A large number of runners have asked us for advice on what to do during the off-season for a variety of reasons (maintain fitness, prevent weight gain, etc).
The best and worst thing about the off season is the absence of a goal race. On the one hand, it’s not always easy to get up and run amid shorter days and lower temperatures. On the other hand, it’s nice not having to focus so much on pace, distance, and frequency of workouts.
The following are what we do while waiting for training season to begin:
No goal races, no target paces, and no specific distances means you get to run whenever you feel like and as fast or as slow as you prefer.
As a general guideline, we recommend keeping up your base mileage to help you prepare for the upcoming season. For example, if you averaged 75 km/week with a peak week of 96 km, you might want to consider averaging slightly less than that without too much fluctuation in distance. For example, maintain running between 68 to 73 km week.
We also recommend mixing up your paces. On days you feel great or jumpy, run fast. On days you feel relaxed or among a big group, run slowly.
Lastly, we recommend running frequently. Personally, I prefer to run shorter distances 6 – 7 times per week than longer distances over 3 – 4 days.
Hit The Weights Room
Does anyone really call it that anymore? The “weights room” could be your neighbourhood gym, your basement, or at a friend’s place. The off-season is a great time to build some muscle, strength and power and spread the focus from your running muscles to your entire body.
A good strength program works your whole body and will make you more resistant to injury as well as build power that helps you run faster.
Running isn’t the only activity that builds endurance. This is a good time to explore alternatives to running…maybe try something new like the Bionic Runner or stick with something more traditional like swimming, inline skating, biking, martial arts, or any team sports.
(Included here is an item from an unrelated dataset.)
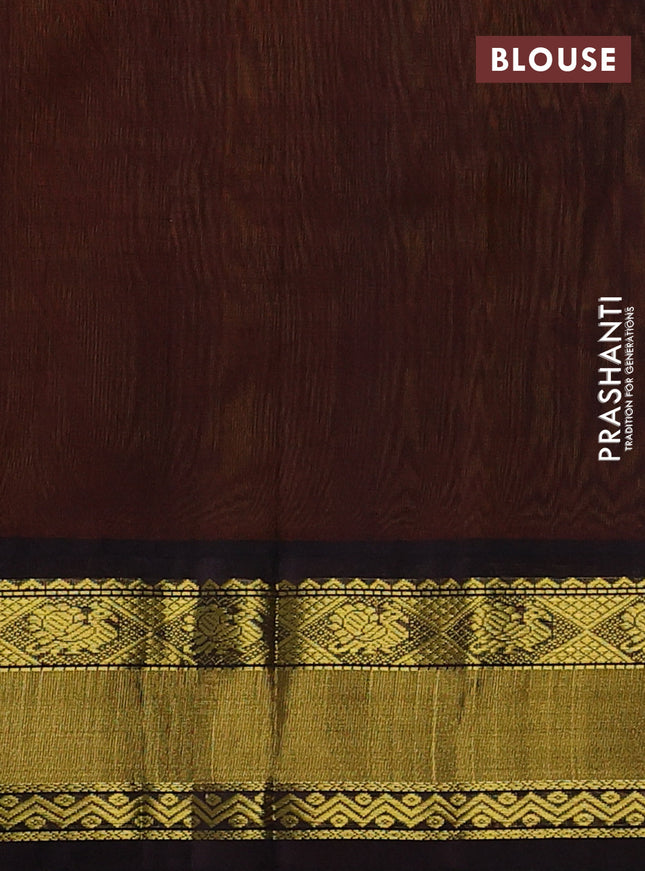 Kuppadam silk cotton saree mango yellow and deep coffee brown with annam zari woven buttas and zari woven border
Not only with these activities keep you in shape but it will also prevent burnout from too much running.
Another great area to focus on during this period is mental development. The brain, mind, and body all have to work together to be successful.
Meditation is a great way to train the mind. Functional MRI (fMRI) has shown that brain activity and blood flow increase significantly during meditation. People who meditate regularly report that they’re able to focus their thoughts better, manager emotions more effectively, and are able to remain calmer and more relaxed in tense situations.
It isn’t very difficult to get started. Pick a quiet spot, close your eyes or look for a spot on the wall, then concentrate on your breathing. Start with 5 minutes per day and build it up to 30.
Addressing your brain, on the other hand, requires you to keep it active. Maybe start delving into the science of running to learn why training at the proper paces is more effective than running at marathon pace all the time. Or learn a new language, start a blog, or read a book.
Though the brain is considered an organ, it behaves like a muscle because regular “training” and stimulation will make it stronger and more resilient.
It’s not always easy to keep active during the off-season, especially heading towards the end of the year, what with Halloween, Thanksgiving, Christmas, and New Year’s all coming one after another. Hopefully, you can use the tips above to help maintain all the hard-earned fitness you achieved over the summer.